Japan's geography is not all that different from California. The two main differences are that Japan is an island nation, and does not have anything like our massive Central Valley. But like Japan, most California urban areas are located along coastal plains and valleys, hemmed in on several sides by mountain ranges. This actually creates fairly natural corridors for HSR.
In the 1980s, Japan National Railways was a public sector failure, running a yearly operating deficit, with a huge debt, declining ridership, high fares, and poor service. Japan broke up the public sector monopoly and created private, passenger-rail companies to serve different areas of the country and compete for the consumer's yen.
The three companies serving the most urban areas operate with no government assistance. One way they do this is by owning the key real estate around train stations, allowing the rail companies to operate retail centers that offset the cost of service.
This should be balanced out by noting that SNCF and RENFE, the French and Spanish public sector railways respectively, are both public sector successes. Ridership continues to climb on both countries' HSR systems. And they DO provide "competition" - not with each other, but with the airlines that serve the same corridors. In both countries they are competing with a great deal of success.
As to owning the real estate around the stations and building transit-oriented development (TOD), that appears to be a central part of the California HSR plan.
From my own experience, it is clear the Japanese "Shinkansen," or bullet train, model has been a success. Private-sector efficiencies reduced costs, while rail fares remained stable. The trains, operating at up to 186 mph, are clean, safe and service is readily available. Consumers responded by increasing ridership more than 20 percent.

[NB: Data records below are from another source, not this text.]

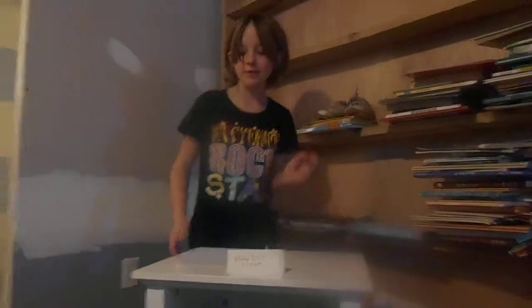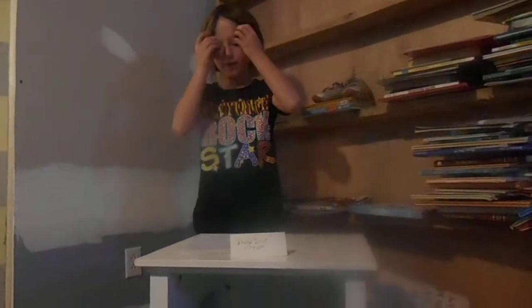I'm going to teach you how to make slushy ice cream. First you get your favorite ice cream flavor, then you get a spoon and a bowl.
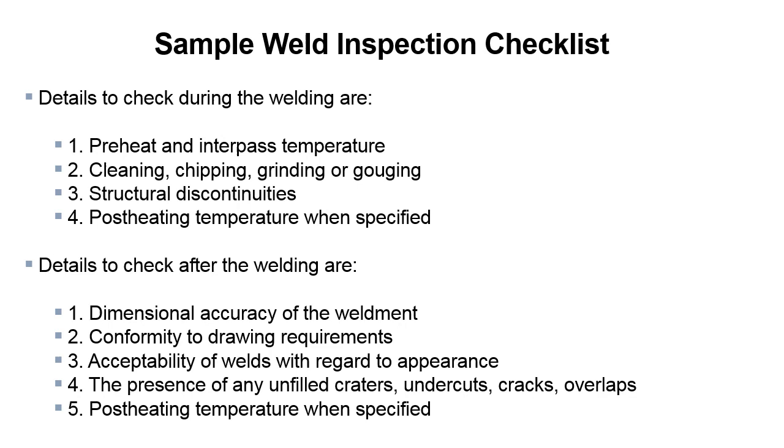The following is a sample weld inspection checklist. These are details to check during welding: preheat and interpass temperature, cleaning, chipping and grinding or gouging, structural discontinuities, and post-heating temperature when specified. Details to check after welding include: dimensional accuracy of the weldment, conformity to drawing requirements, acceptability of welds with regard to appearance, and the presence of any unfilled craters, undercuts, cracks, and overlaps. Make sure the post-heating temperature is applied when specified.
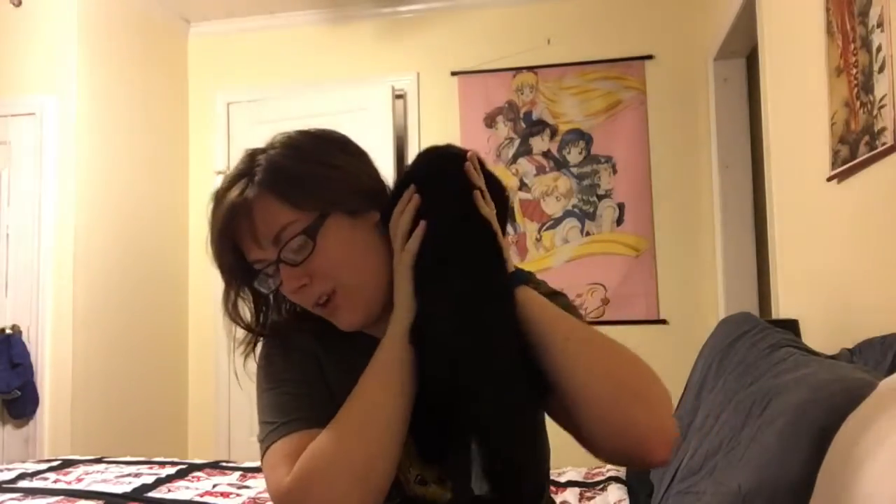The cat that's encroaching is Shadow — she's my childhood cat. She's actually 18. She's so old that some of her black hair has fallen out and been replaced with gray hair.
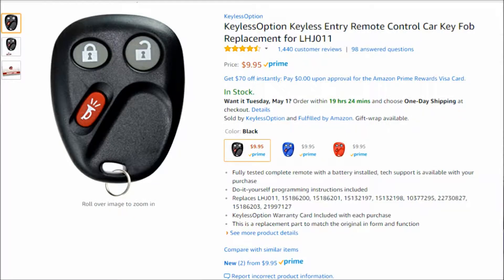I normally order these off of Amazon. They're usually around $10. Here's what the page looks like. You can order it in black, blue, or red. Just type in the make and model of the vehicle you're looking for and it should pull it up. I'll put a link down in the description — you can click straight on it and it should take you to it. So let's go out to the truck and we'll program this thing.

Still, the service is not cheap. The line fare from Tokyo to Osaka, which at 251 miles is a little shorter then from Los Angeles to San Francisco, costs 13,200 yen, or about $130 one way. In contrast, Californians can find a flight from LAX to SFO on Southwest Airlines as low as $39 one way, and Southwest gets a traveler there in half the time.
It is good that he recognizes the success of Japanese HSR, but he then goes on to make probably the greatest possible error one can make while assessing HSR - assuming that present travel conditions will continue indefinitely into the future. They won't.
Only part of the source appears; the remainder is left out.